Pour sa part, Djibril Traoré, basé à Kati, ville d’une quinzaine de kilomètres de la capitale Bamako, estime que malgré cette tension à la veille de cette fête en raison de la surcharge, certains clients ne sont pas à rejeter. « Nous sommes conscients que nous ne pouvons pas honorer tous nos rendez-vous d’ici la fête. Mais nous allons faire de notre mieux, et s’attendre aux brouilles, affirme-t-il. Il y a des clients qui amènent leurs habits à la dernière minute, notamment les femmes, qui constituent l’essentiel de notre clientèle. » Il poursuit : « Nous ne pouvons non plus les rejeter, au risque de les perdre après la fête ».
Spécialiste de vêtements pour hommes et femmes, un autre tailleur, basé à Baco-Djicoroni (Commune V de Bamako) estime qu’il ne sert à rien de s’encombrer d’habits sachant bien ne pas être en mesure de les coudre à temps voulu. « J’ai décidé, il y a quelques années, de ne plus recevoir autant d’habits dont la couture me poserait des problèmes. Car cela créera trop de frustrations », raconte-t-il.
Des alternatives
Face à cette situation, des clients se trouvent d’autres issues. C’est le cas de Gaoussou Sall, étudiant à la Faculté des Sciences économiques et de Gestion de Bamako (FSEG), qui a préféré voir du côté des friperies pour préparer la fête. Cela, pour éviter ces brouilles avec son tailleur. « Cela fait quelques années maintenant que je me rends dans les friperies pour m’acheter un habit pour la fête. J’en ai marre des faux rendez-vous des tailleurs », témoigne-t-il. Avant d’ajouter qu’il cherche « l’opportunité à coudre [ses] habits à des moments où l’affluence n’est pas tout à fait au rendez-vous ».
Désespéré du comportement de son tailleur, Safiatou Diarra, femme d’une vingtaine d’années basée à Koulikoro (2e région administrative du Mali), venue retirer son habit dans un atelier à Bamako, accepte de nous parler : « Depuis près de deux mois, j’ai quitté Koulikoro pour déposer un seul complet, espérant pouvoir le recevoir avant la fête. Mais compte tenu de la négligence de mon tailleur, je viens le retirer une bonne fois », déplore-t-elle, le visage serré.
D’énormes problèmes
Il faut toutefois noter qu’à cette veille de fête de ramadan, les tailleurs font face à d’énormes problèmes qui se posent au niveau des articles de mercerie. « Quand on part pour s’approvisionner au niveau des merceries, les pièces sont très chères », fait savoir Sékou Diallo, tailleur à Kalaban-Coro (Bamako), près du grand marché du quartier.

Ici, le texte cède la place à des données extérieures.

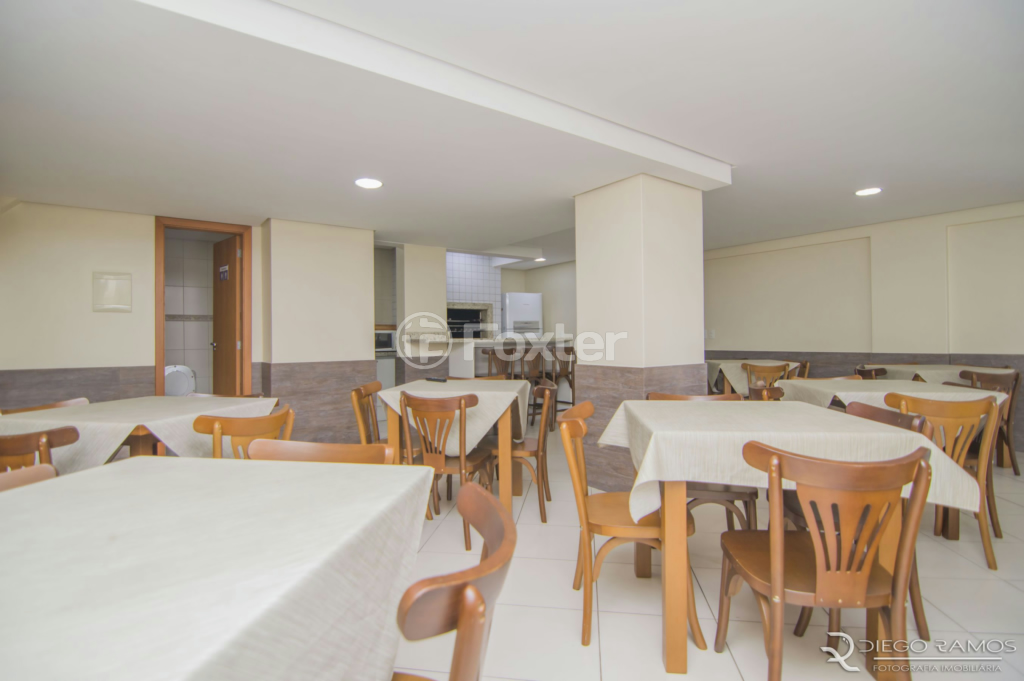 Apartamento à venda com 2 quartos, 72m² - Foto 28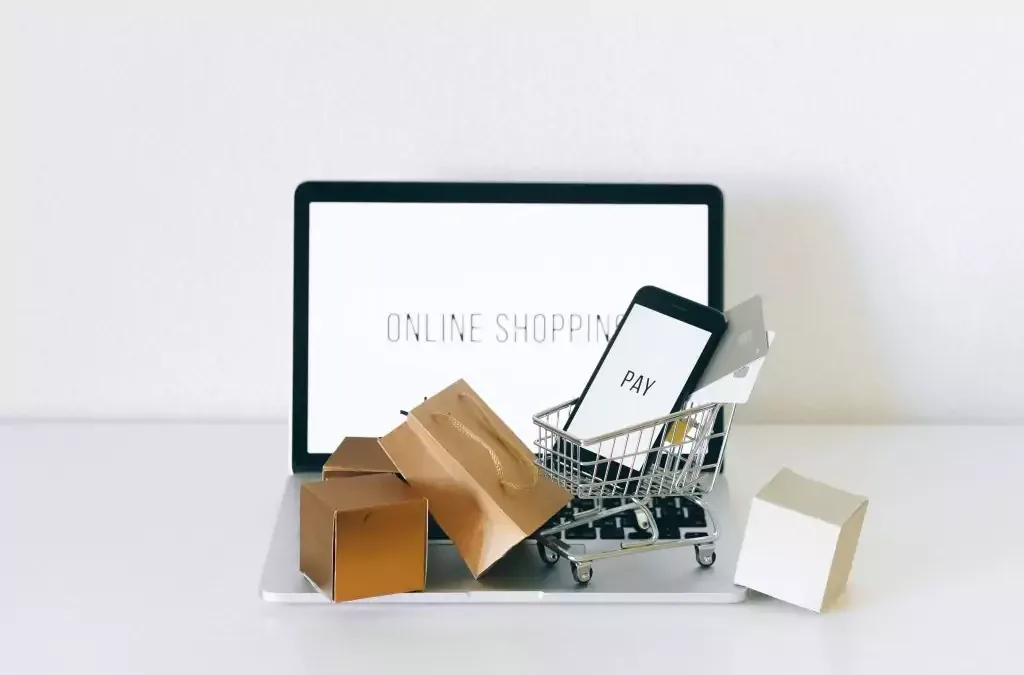 Alcune domande chiave per la progettazione di una piattaforma di vendita online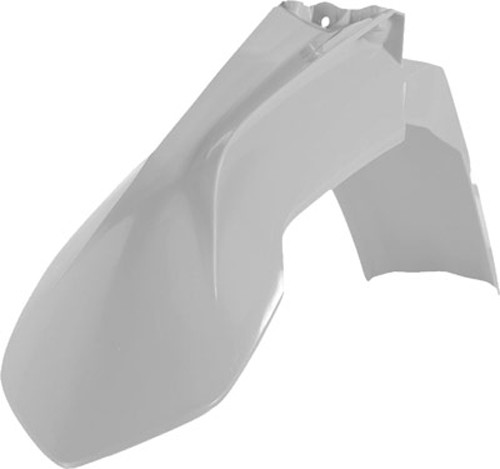 Front Fender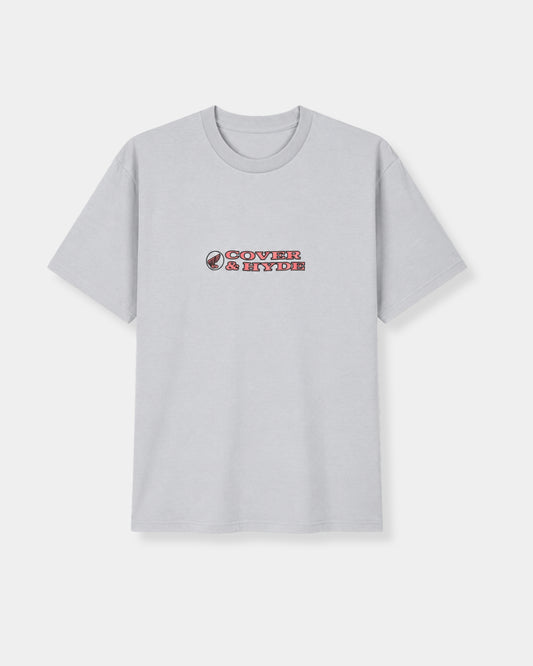 GREY HONDA - TSHIRT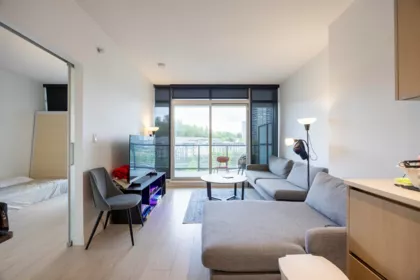 607 4720 Lougheed Highway, Burnaby, BC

« Ceux qui travaillent dans les merceries savent que le marché doit être dense. Ils profitent de la situation pour augmenter le prix des articles. Et à notre tour, on veut aussi augmenter les prix des modèles. Du coup, cela crée un véritable problème avec les clients », ajoute-t-il.
Pour sa part, Karamoko Diarra, vendeur d’articles de mercerie à Banconi (commune I, Bamako), pense que cette « cherté du prix des matériels s’explique par l’embargo », imposé sur le Mali depuis près de quatre mois. Sauf que certains pensent que « les commerçants aiment la cherté ».
À cela s’ajoute également un autre problème qui embête actuellement les populations bamakoises et environs, par ricochet les tailleurs. Il s’agit notamment du délestage. Surtout à cette veille de la fête. « Avec ce délestage récurrent, le marché devient de moins en moins dense. Un travail que tu pouvais faire en une heure, avec la coupure d’électricité, tu peux aller jusqu’à trois heures, voire quatre heures », déplore Seydou Coulibaly, tailleur brodeur à Faladié, en commune VI de Bamako.